Top three holdings if Henry and Michael could start from scratch 

Ally Selby: Okay. I'm really excited for this. We asked our experts to bring along their top three stocks in their dream portfolio, if they had to start from scratch today. Michael, what have you brought along for us?

Michael Wayne: So looking at it long-term time horizon, three companies that are amongst our top five at the moment, but I'll pick as my top three if I was starting from scratch: 

  1. CSL (ASX: CSL)
  2. ResMed (ASX: RMD)
  3. IDP Education (ASX: IEL)

These three businesses have very good long-term prospects, that's our belief anyway. They've got very good balance sheets and they've got a consistent track record of delivering. So, we feel that the long-term outlook for those businesses remains very attractive and if we were starting from scratch today, those three would be on the list. 

Ally Selby: Okay. Over to you Henry, your time in the hot seat. If you had to start from scratch, what would be your top three holdings?

Henry Jennings: I was trying really hard to think of three stocks beginning with the same letter, and they were triple M, and I've failed miserably. But I have got two Ms and one J. 

  1. Macquarie Group (ASX: MQG)
  2. Mineral Resources (ASX: MIN)
  3. James Hardie (ASX: JHX)

Macquarie boasts fantastic exposure to the market apart from anything else. Clean and green theme. Very diversified business internationally as well. Mineral Resources has exposure to iron ore and lithium, two great commodities for Australia. And the third one I thought of was a bit left field and is James Hardie. And everybody hates James Hardie-

Ally Selby: Particularly at the moment.

Henry Jennings: Particularly at the moment, and US housing is such a dog of a place, but you know what? These guys have made a pretty good fist of a pretty bad situation. When you look at the numbers, they're actually not doing too badly, and they've got massive leverage. If the US doesn't go into recession and we do see rates come off (and we are seeing that coming off in 30-year bond rates) and we do see housing activity pick up... James Hardie is going to be lean, mean, and hungry, and out there, and the stock is under a cloud. So, for me, under a cloud is good. Macquarie, Mineral Resources, and James Hardie. 

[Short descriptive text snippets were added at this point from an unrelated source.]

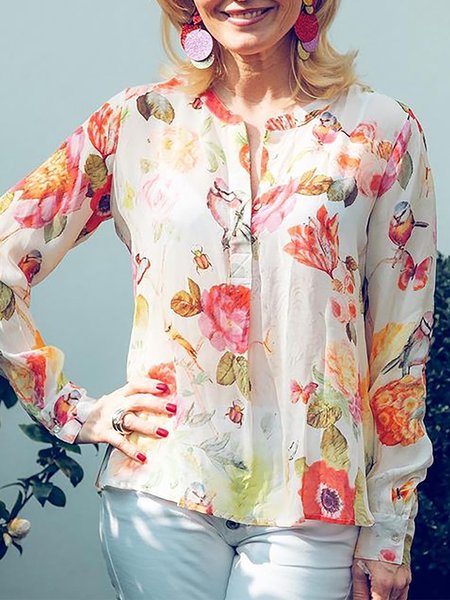 Floral Printed Loosen Long Sleeves V Neck Spring Shirts & Tops, As picture, Blouses & Shirts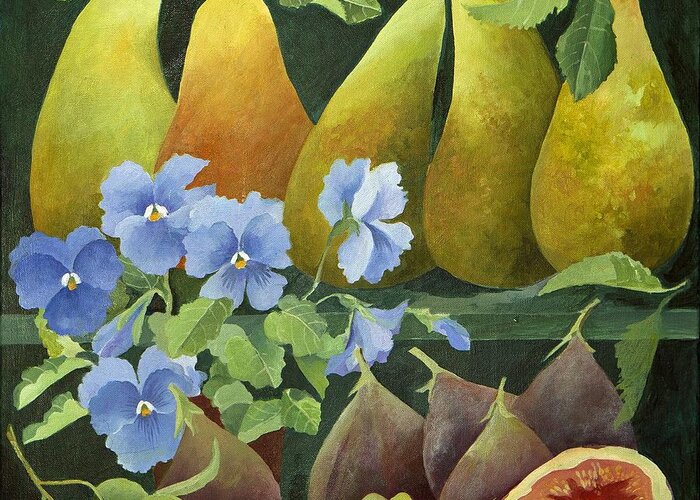 Pear Greeting Card featuring the painting Mixed fruit by Jennifer Abbot
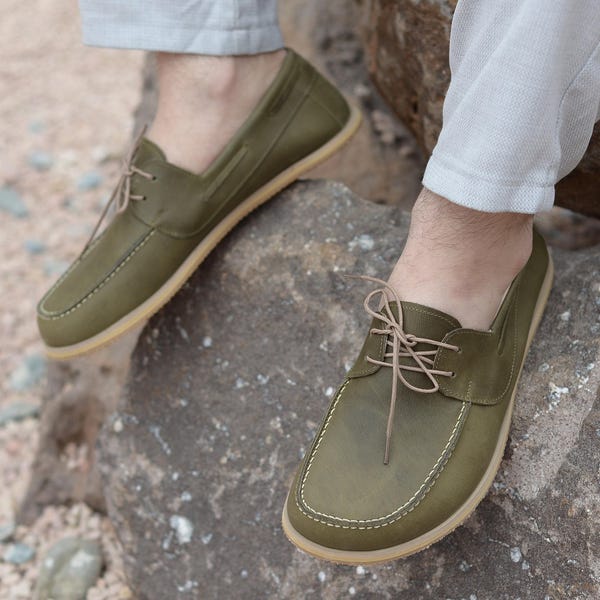 Handmade Leather Men's Barefoot Loafers: Wide Toe, Nature Green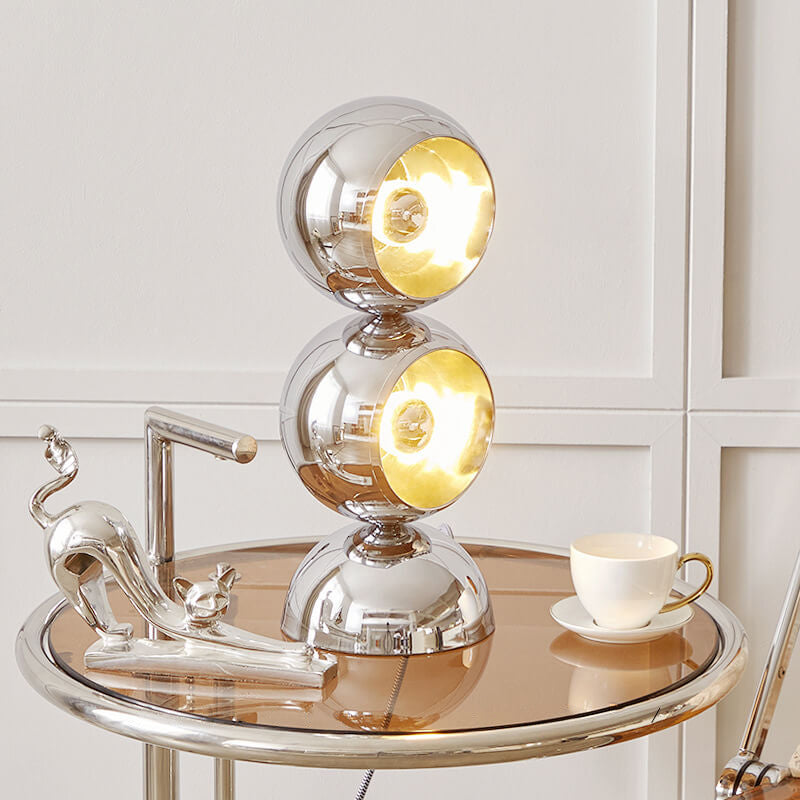 Nordic Minimalist Chrome Metal Orb 1/2/3 Light Table Lamp
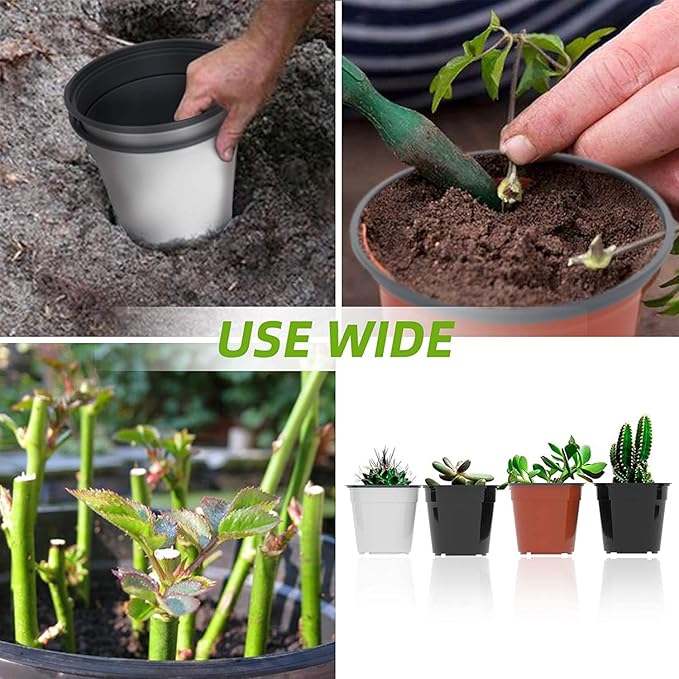 50 Pack Nursery Pots, 4 5 6 Inch Plants Flower Pots Durable Plastic Planters Indoor Modern Decorative Seed Container Pots for House Plants, Succulent, Flower (4INCH, Black)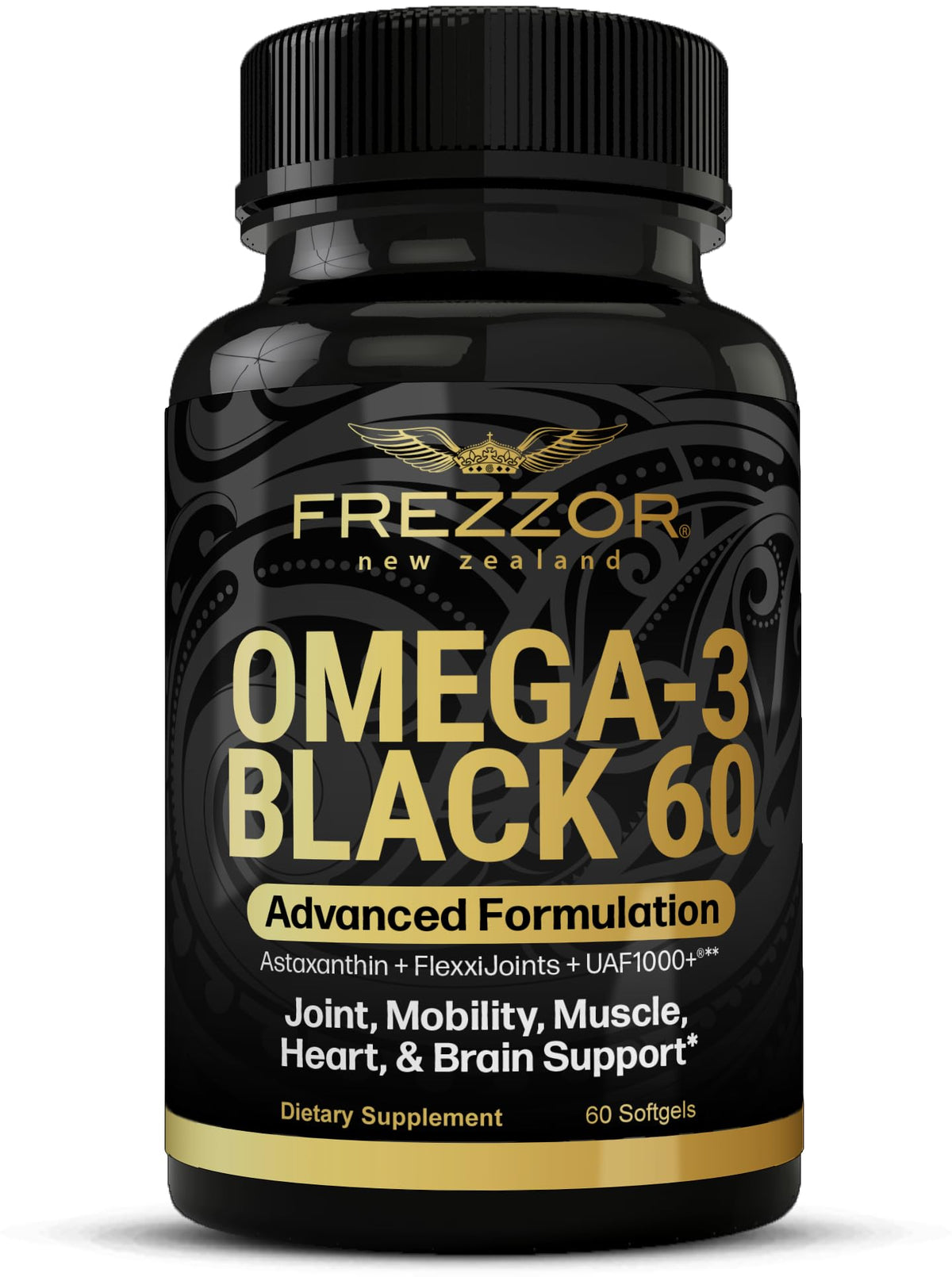 Frezzor Omega-3 Black bottle with capsules for daily joint support.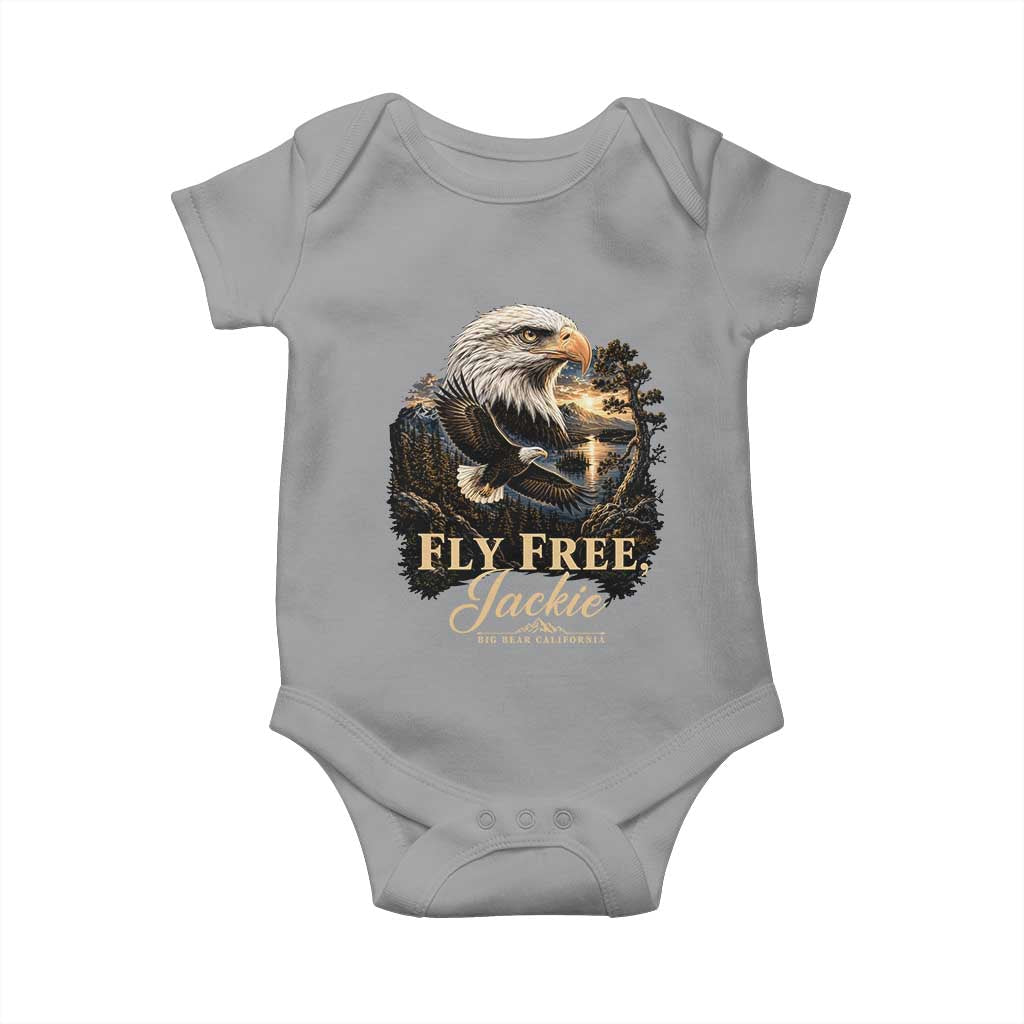 Fly Free Jackie Big Bear Bald Eagle Memorial Baby Onesie California Valley Sunset Forest Nature Graphic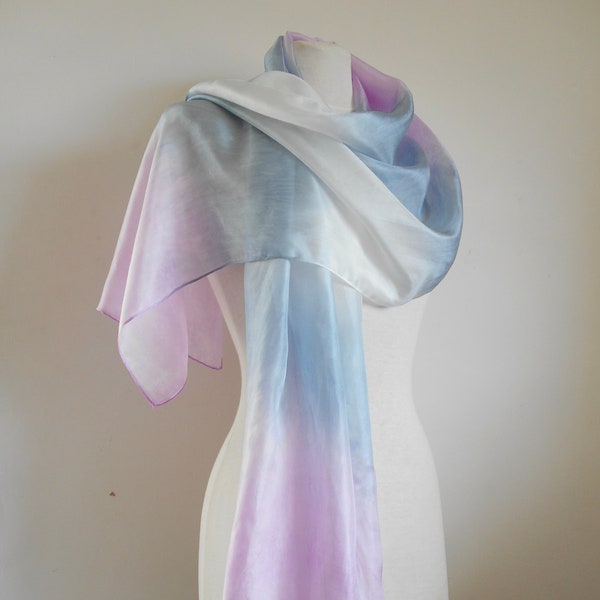 Long silk scarf Large Hand painted ombre Lilac mauve Silver Platinum white silk scarf 'Lilac' Silk headscarf Wedding wrap Birthday gift her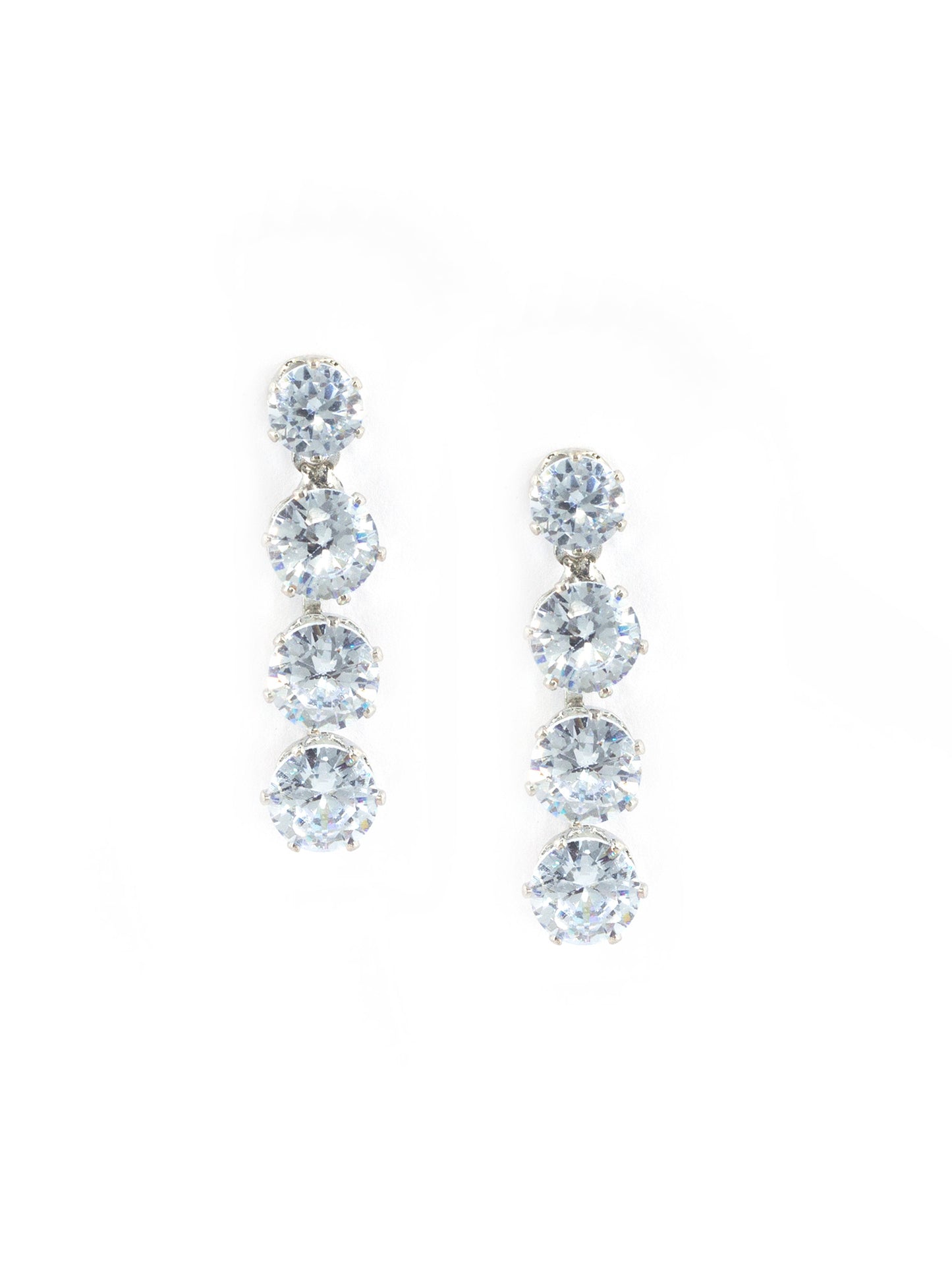 Silver Plated Round White AD Drop Earrings for Women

Michael and Henry's portfolio duds 

Ally Selby: Okay. Last one for today. What were some of the duds in your portfolio in 2022? What have you done with them? Have you sold out of them? Have you held onto them? What's the plan for 2023 with those stocks?

Henry Jennings: Good idea, yes. What's the plan? People ask me that a lot. Some of the duds that I've bought have been Bubs Australia (ASX: BUB). I got very carried away when Biden started signing up Bubs to take formula to the US to solve their formula crisis... Still got that, we are seeing a little bit of a renaissance there. ZIP Co (ASX: ZIP) was another one of my duds, to some extent, but I've just actually exited it, they've had a good rally. Some of the other duds have been some of the smaller lithium plays, and I know I talk lithium a lot, and Pilbara (ASX: PLS) has been fantastic, and Core Lithium (ASX: CXO)... Lots of these names have been great, but some of the little ones are really struggling. And I was way too enthusiastic about them.

Ally Selby: Okay. Over to you Michael. What were some of the duds in your portfolio in 2022, and what have you done with them? Are you still holding onto them? What's happening in 2023 with those stocks?

Michael Wayne: So there were a few duds in 2022, despite the index itself holding up relatively okay in Australia. So three of the worst performers were Aeris Resources (ASX: AIS), a small copper producer. Another one was a MedTech, again a small cap, Alcidion (ASX: ALC). And then finally, Pointsbet (ASX: PBH). So, they were three. We still like Aeris a lot, it's a copper producer but wasn't profitable. The Milner family of Soul Patts has recently taken a big position in that business... That's off to a good start for the year, by the way, it's up 50% or so. It's still a fair way to get back to where it was, but it's off to a decent start, at least. Alcidion, again, they've had very good headline numbers but are not expected to turn profitable for another year or so... They've been delivering as they said they would, but valuations came into it, and then the market that we had last year wasn't the place to be. Pointsbet, this is the more difficult one, it's come back a long way, it peaked at around $17 and it's now down to around $2. It'll be interesting to see how their upcoming results are in February, as to whether they're continuing to lose market share or whether they're able to keep a bit of a toehold. But we still hold all three. Lessons learned? Probably cut them earlier, in a scenario where there's a lot of rotation out of those smaller cap, no earnings names.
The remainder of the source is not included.